The formatMessages API

Creating a Template

Templates are created via the ChatTemplate.create() factory method:

const template = try ChatTemplate.create(.Llama2, allocator);
defer template.deinit(allocator);

Applying a Template

The apply() method formats a slice of ChatMessage into a single string:

const messages = [_]ChatMessage{
    .{ .role = "system", .content = "You are a helpful assistant." },
    .{ .role = "user", .content = "What is 2+2?" },
};

const formatted = try template.apply(&messages, allocator);
defer allocator.free(formatted);
// formatted now contains the properly delimited conversation string

Apply Algorithm

  1. Append the BOS token.
  2. Separate system messages from conversation messages.
  3. If a system message exists, wrap it with system_prefix and system_suffix.
  4. For each conversation message, wrap with the appropriate role prefix/suffix.
  5. Insert separator between messages.
  6. If add_generation_prompt is true and the last message is from the user, append separator + assistant_prefix to prompt the model.
flowchart LR
    A["ChatMessage[]"] --> B["Separate\nsystem msg"]
    B --> C["Wrap system"]
    C --> D["Wrap user/asst\nmessages"]
    D --> E{"Last msg\nis user?"}
    E -->|Yes| F["Append\nasst prefix"]
    E -->|No| G["Done"]
    F --> G

    style A fill:#f0f0f0,color:#333
    style G fill:#4a9eff,color:#fff

ChatTemplateManager

The ChatTemplateManager provides a higher-level API for managing multiple templates and auto-detecting the correct template from a model name.

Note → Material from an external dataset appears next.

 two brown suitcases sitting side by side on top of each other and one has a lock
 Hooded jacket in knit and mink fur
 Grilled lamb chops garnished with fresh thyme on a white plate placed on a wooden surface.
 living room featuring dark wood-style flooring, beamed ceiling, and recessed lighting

var manager = ChatTemplateManager.init(allocator);
defer manager.deinit();

// Apply template directly (loads on demand)
const formatted = try manager.applyTemplate(.ChatML, &messages);

// Auto-detect template from model name
const detected = ChatTemplateManager.detectTemplate("meta-llama/Llama-2-7b-chat-hf");
// Returns .Llama2

Auto-Detection Rules

Model Name Contains Detected Template
llama-3, llama3 Llama3
code-llama, codellama CodeLlama
llama-2, llama2, llama Llama2
mistral, mixtral Mistral
gpt-4, gpt4 GPT4
alpaca Alpaca
vicuna Vicuna
orca Orca
claude Claude
(default) ChatML

Default to ChatML

When the model name does not match any known pattern, the manager defaults to ChatML. This is a reasonable default because ChatML is widely adopted by community fine-tuned models and has clear, unambiguous delimiters.


Conversation Validation

The ChatTemplateUtils module provides utilities for validating and manipulating conversations before template application.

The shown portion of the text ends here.